Start of Block
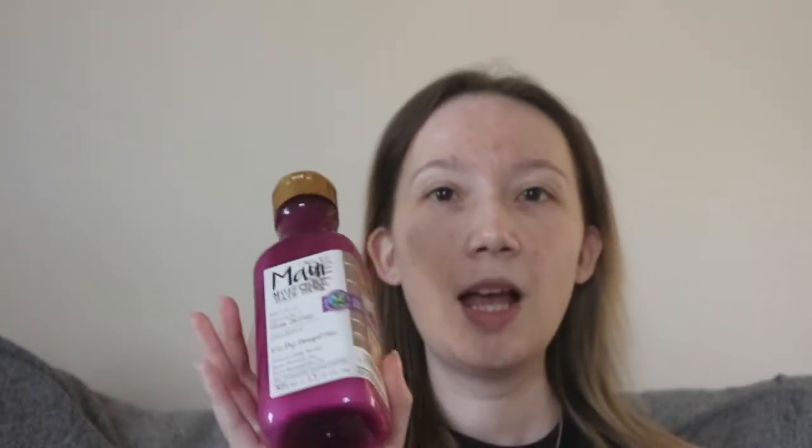I shampoo twice — I don't know if everybody does that but it's something I've been taught. The first shampoo I really work into my scalp, then rinse, and then I go in again with the shampoo but just on the top rather than into the scalp. I can feel a difference doing it, so it's definitely working. If anyone knows the reason why you're supposed to shampoo twice, let me know — but it works for me so I recommend it, along with the Maui range.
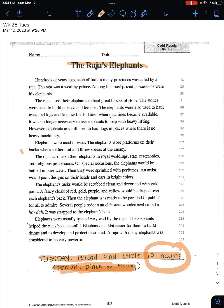Here we go: 'Hundreds of years ago, each of India's many provinces was ruled by a Rajah. The Rajah was a wealthy prince. Among his most prized possessions were his elephants. The Rajahs used their elephants to haul great blocks of stone. The stones were used to help build palaces and temples.'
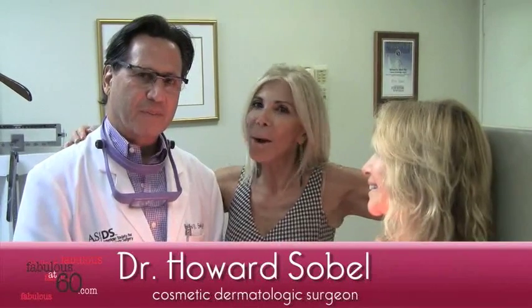And we're back with Dr. Howard Sobel, the best dermatologist in New York City. Howard, today I am bringing Judy Gilberra to you. Say hello. Hello. Hi Judy. Hi.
End of Block
WORK TO COMPLETE: Everything from the line containing "Here we go: 'Hundreds" to the final line of the listing above, both ends included, should be transcribed word for word, except for the pictures.

EXERCISE RESULT:
Here we go: 'Hundreds of years ago, each of India's many provinces was ruled by a Rajah. The Rajah was a wealthy prince. Among his most prized possessions were his elephants. The Rajahs used their elephants to haul great blocks of stone. The stones were used to help build palaces and temples.'
And we're back with Dr. Howard Sobel, the best dermatologist in New York City. Howard, today I am bringing Judy Gilberra to you. Say hello. Hello. Hi Judy. Hi.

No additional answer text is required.